EXERCISE DIRECTIONS
Please set down only the lines below starting with the line with "4737 Modena Bay" and going on through the line with "Image shows Anna", verbatim and without pictures.

RECORDS PROVIDED
-----
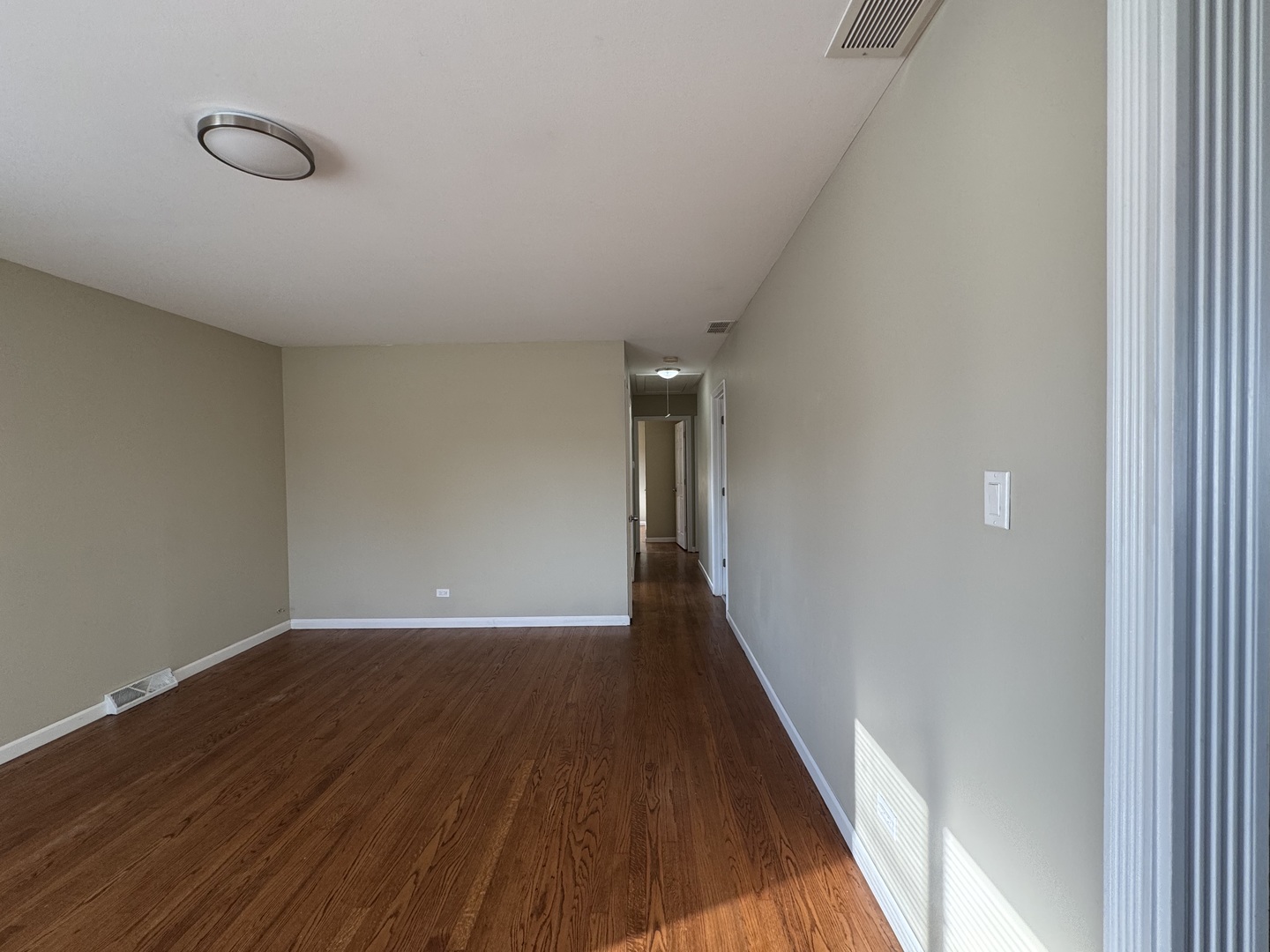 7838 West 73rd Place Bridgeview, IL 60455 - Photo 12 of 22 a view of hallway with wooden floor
-----
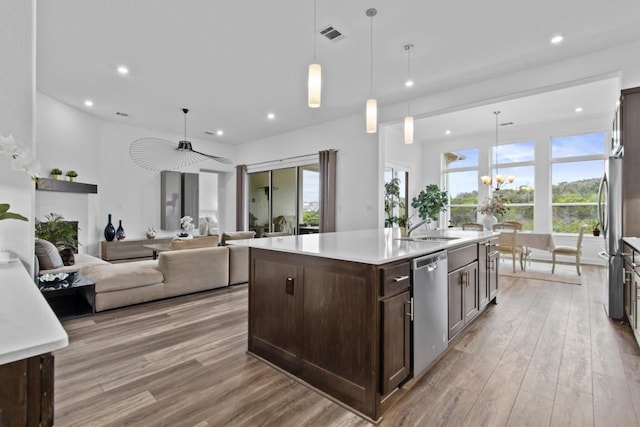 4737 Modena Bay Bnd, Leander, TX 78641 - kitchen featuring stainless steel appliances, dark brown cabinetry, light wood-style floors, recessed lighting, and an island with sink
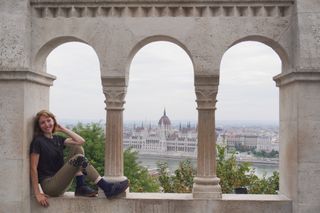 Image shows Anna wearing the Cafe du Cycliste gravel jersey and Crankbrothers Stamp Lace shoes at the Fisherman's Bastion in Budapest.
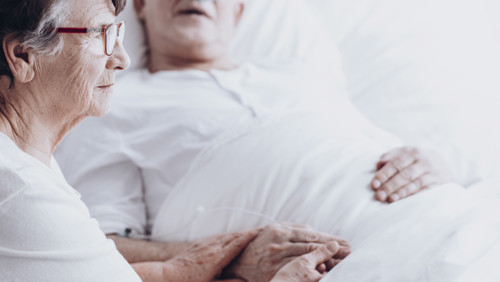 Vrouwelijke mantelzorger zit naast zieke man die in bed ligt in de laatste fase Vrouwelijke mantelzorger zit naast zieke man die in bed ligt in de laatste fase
-----
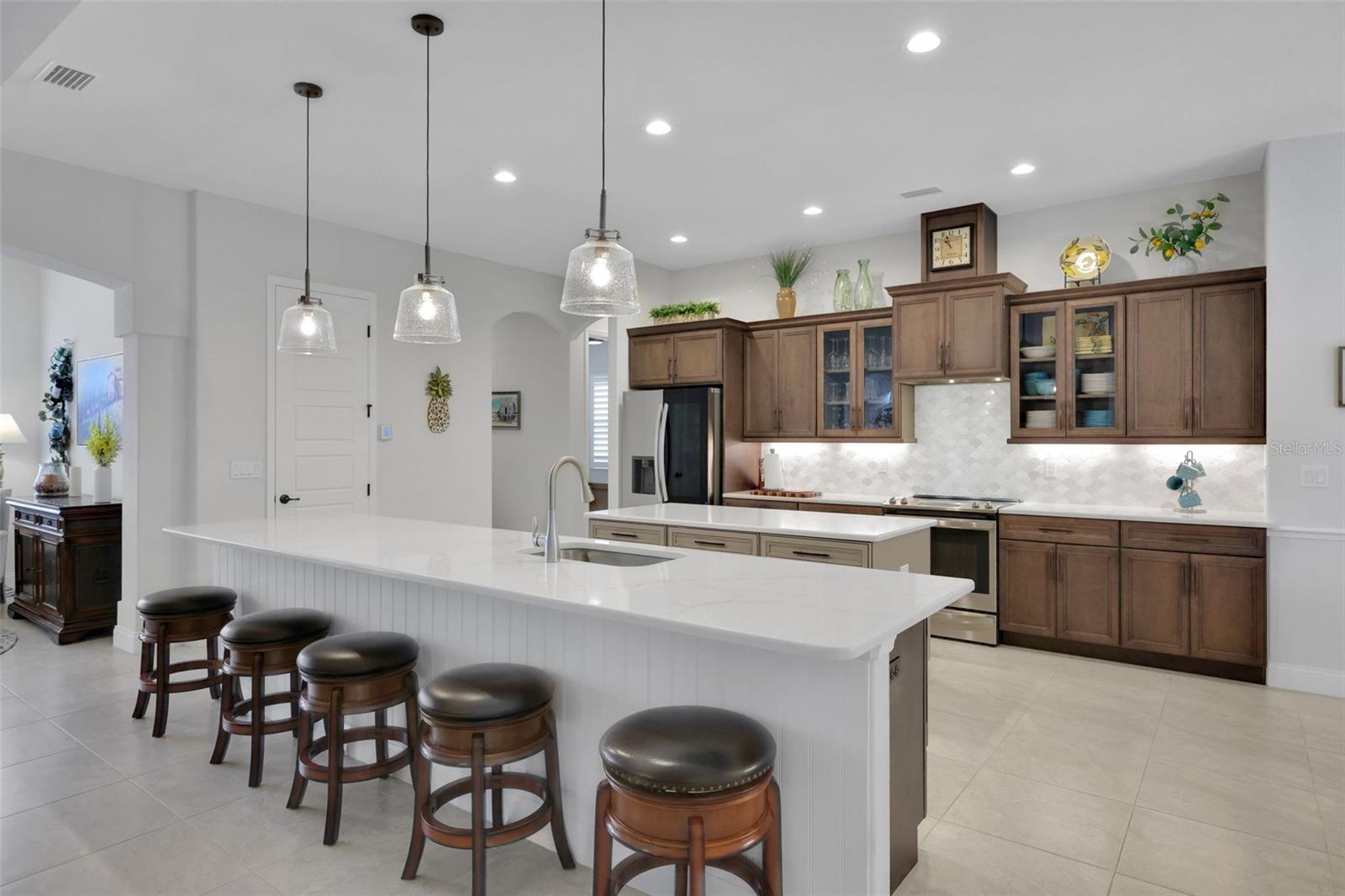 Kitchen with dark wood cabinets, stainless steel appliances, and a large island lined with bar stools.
-----
SOLUTION
 4737 Modena Bay Bnd, Leander, TX 78641 - kitchen featuring stainless steel appliances, dark brown cabinetry, light wood-style floors, recessed lighting, and an island with sink
 Image shows Anna wearing the Cafe du Cycliste gravel jersey and Crankbrothers Stamp Lace shoes at the Fisherman's Bastion in Budapest.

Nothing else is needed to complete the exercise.